While there are tons of articles & guides available which claim one should block the search engine bots from accessing those files or folders and they simply won't be indexed.

Well, that's not true at all. The blocked bots will not crawl those folders but if they find those file links from other sources [ e.g., pages with internal links to those files ], they will still crawl and will index those files. We have faced this issue with some of our clients before and thus I decided to make a comprehensive guide on this topic.

Complications-

There is no direct method to add HTTP response headers to the files present inside the S3 bucket. There is an option to add custom user-defined meta headers to the files inside the S3 bucket with the prefix x-amz-meta-header-. CloudFront will serve them with those user-defined headers. So if we check those files for response headers with any HTTP headers testing method available [e.g., checking with https://securityheaders.com/ ], we can see these custom user-defined headers present on those files. Suppose we want to add the header X-Robots-Tag: noindex to those files in the S3 bucket. We have to add it like x-amz-meta-header-X-Robots-Tag: noindex. The crawlers won't recognise it.

Proposed solution-

We have to use the Lambda@Edge function to edit those origin response headers while accessing those files via CloudFront URL. [ custom domain you've connected to your CloudFront distribution ]. From the response HTTP header, we have to remove x-amz-meta-header-from the 'keyname' of the user-defined header, So the crawlers will find X-Robots-Tag: noindex as HTTP header while accessing those files and follow it's protocols.

Execution mechanism-

CloudFront dispatches four events [Viewer Request, Viewer Response, Origin Request, Origin Response].

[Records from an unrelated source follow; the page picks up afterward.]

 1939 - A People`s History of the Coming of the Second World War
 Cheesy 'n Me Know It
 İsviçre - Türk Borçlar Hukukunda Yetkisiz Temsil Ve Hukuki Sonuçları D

These four events can be worked with AWS Lambda@Edge, Part of an AWS-lambda to execute methods to customize the contents CloudFront delivers. Lamba@Edge scales automatically and runs in the CloudFront location closer to the viewer.

In our case, we have to use the CloudFront event [Origin-Response] with lambda@edge to modify the header.

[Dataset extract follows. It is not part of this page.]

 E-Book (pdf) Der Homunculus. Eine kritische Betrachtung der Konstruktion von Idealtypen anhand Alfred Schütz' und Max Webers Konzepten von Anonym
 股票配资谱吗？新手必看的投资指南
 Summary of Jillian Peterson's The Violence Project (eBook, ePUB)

(Origin Response - Dispatched right after CloudFront gets a response from the Origin and before the object is cached in the response.)

Steps at a glance-

Create a lambda function with any language environment you're acquainted with [ here in the example; we've used Python 3.7]
Select the default service role, select the CloudFront distribution
Add the custom user-defined header x-amz-meta-X-Robots-Tag: noindex to those files in the S3 bucket.
Write the necessary code to remove x-amz-meta- from x-amz-meta-X-Robots-Tag
In your CloudFront distribution create an invalidation.
Then check your files with any method to check HTTP headers, and you'll find the X-Robots-Tag: noindex header in those files.
So when the crawlers get this response header, they will know that these files shouldn't be indexed. Eventually, indexed files will be removed from the SERP.

This is one of the few definitive ways to prevent your files from being indexed.